Kenyon’s political rhetoric failed to consider the academic freedom of the Palestinian people through the lens of the occupation. At the end of the day the deeper subject matter here is not the ASA’s endorsement of the academic boycott of Israel, but the Israeli occupation of the Palestinian territories. If folks are not prepared to have a critical conversation about “the context of US military..support for Israel; Israel’s violation of international law and UN resolutions, and the documented impact of the Israeli occupation on Palestinian scholars and students” (as listed in the ASA’s statement announcing their endorsement of the boycott), then they will be unable to understand the ethical position of the American Studies Association.
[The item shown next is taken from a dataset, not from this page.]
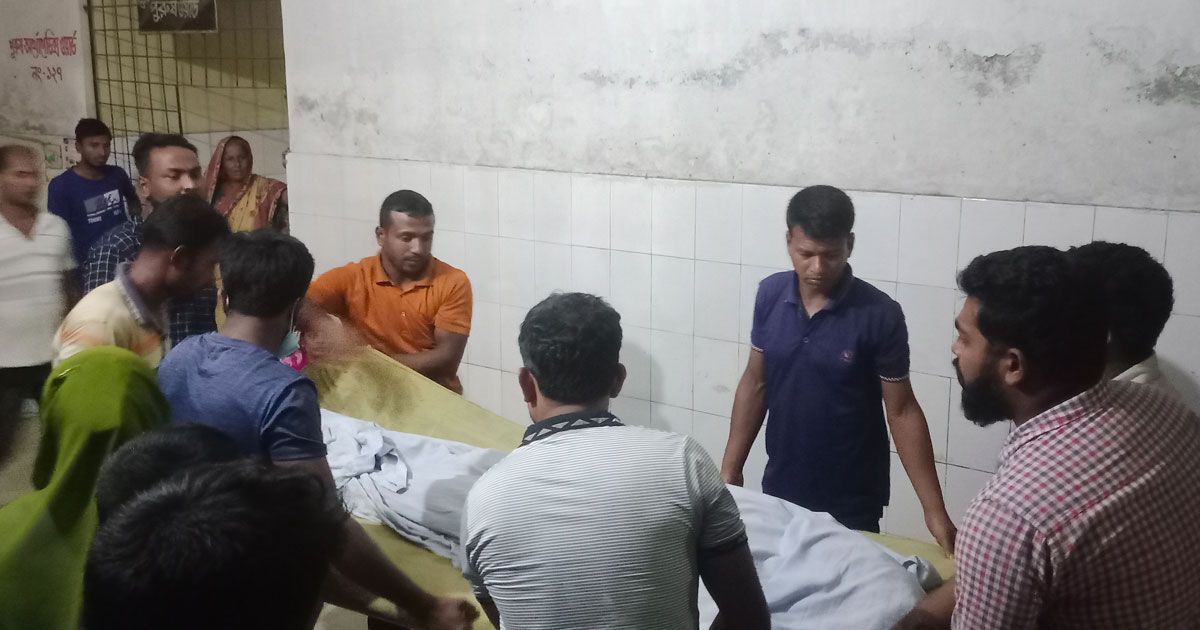 কুকুর-দেখে-মোটরসাইকেলে-কড়া-ব্রেক-প্রাণ-হারালেন-যুবক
As an American Studies major I am deeply disappointed by Kenyon’s misinformed political decision to withdraw its program from the ASA.

Daniel Harrison ’13
As someone who attended Tel Aviv University for the second semester of my junior year in college, I find this decision by the ASA to boycott Israeli institutions of higher education unfortunate. During my time at TAU I studied with and alongside Palestinians, many of whom roomed with American students in the dormitories. To say that they are not granted the right of education is simply false. Finally, this action seems to be a clear attempt at taking a political stance on the problem of Israeli-Palestinian relations, something that a true and open-minded educational organization should probably not be doing.